Date of Award

Fall 2021

Publication Type

Thesis

Degree Name

M.Sc.

Department

Computer Science

Keywords

Cancer subtype classification, Convolutional neural networks, Precision medicine, RNA Seq

Supervisor

J. Chen

Supervisor

A. Biniaz

Rights

info:eu-repo/semantics/openAccess

Creative Commons License

Creative Commons Attribution 4.0 International License
This work is licensed under a Creative Commons Attribution 4.0 International License.

Abstract

The introduction of genetic testing has profoundly enhanced the prospects of early detection of diseases and techniques to suggest precision medicines. The subtyping of critical diseases has proven to be an essential part of the development of individualized therapies and has led to deeper insights into the heterogeneity of the disease. Studies suggest that variants in particular genes have significant effects on certain types of immune system cells and are also involved in the risk of certain critical illnesses like cancer. By analyzing the genetic sequence of a patient, disease types and subtypes can be predicted. Recent research work has shown that the CNN's prediction quality within this context using gene intensity features could be improved when the input is structured into 2D images.

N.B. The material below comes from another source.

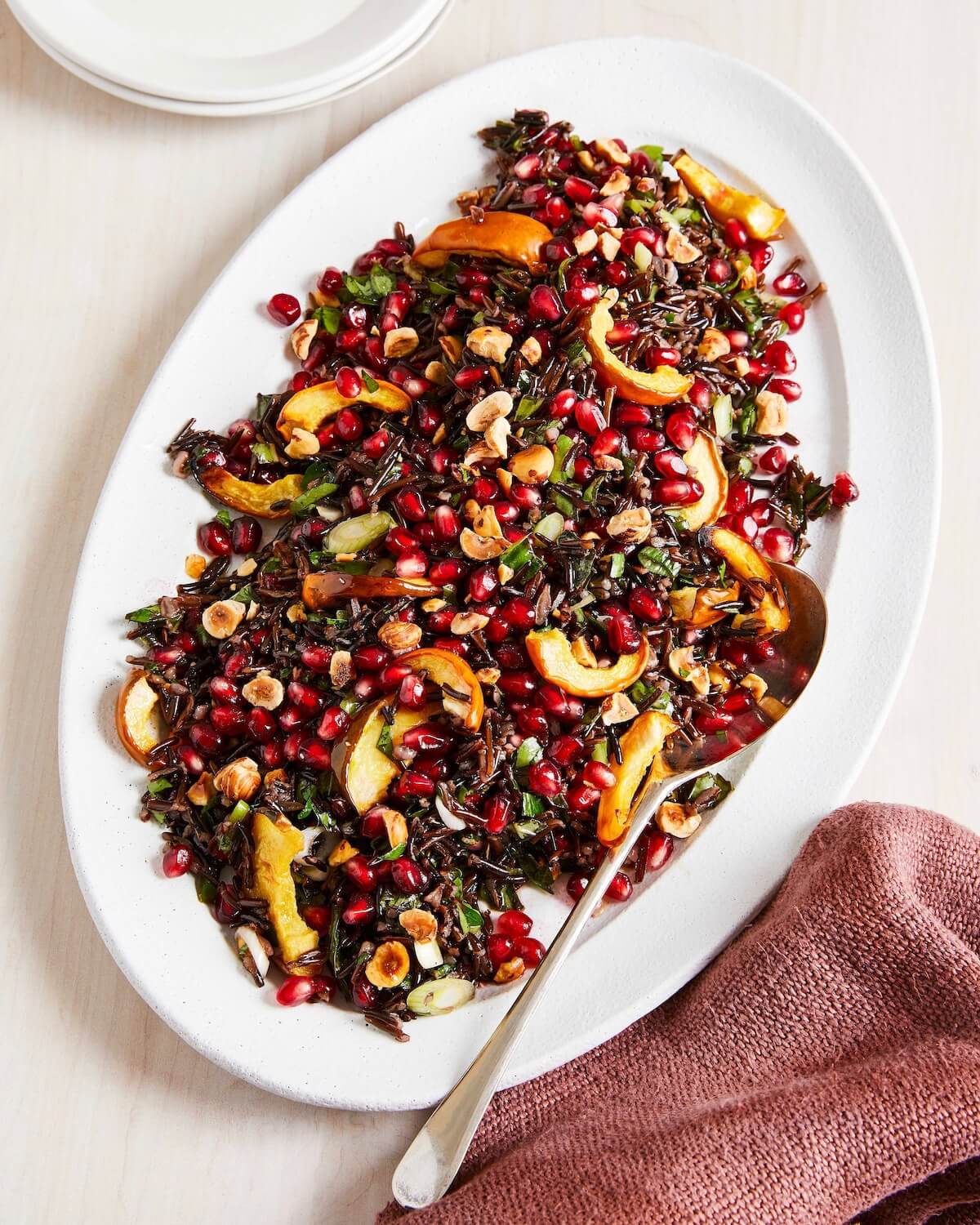platter of rice salad with roasted squash and pomegranate arils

Constructed from chromosome locations or from transformations involving kPCA, t-SNE, etc., these two-dimensional images express certain types of relationships among the intensity features. While this approach extends the success of convolutional neural networks to non-image data, getting a precise mapping of features on the images to reflect the relationship among the features is hard, if not impossible. To this end, we propose an enhancement to the approach by providing the CNN training procedure with not only the samples of the structured image data but also the samples from the unstructured raw gene expression data in its original form. While the former is fed into the convolutional layers in the network, the latter is input only to the fully connected layers of the network. The proposed method is applied to The Cancer Genome Atlas (TCGA) dataset for cancer subtypes with the median values of the expression level of all expressed genes in an RNA sequence. According to the experiments, our proposed approach can improve the classification accuracy by 2.7% when it is applied to the state-of-the-art method with 2D CNN architecture trained using images that are constructed based on chromosome locations of the genes. When built on top of the method with 2D CNN architecture trained using images that are constructed with transformation process involving t-SNE, classification accuracy is enhanced by 4.7%. For the implementation of the proposed approach on the 1D CNN model using the data structured using covariance between the features, the classification accuracy is improved by 1% and an increase of 3% is observed when the approach is implemented over the model trained using 1D CNN with data ordered based on chromosome locations.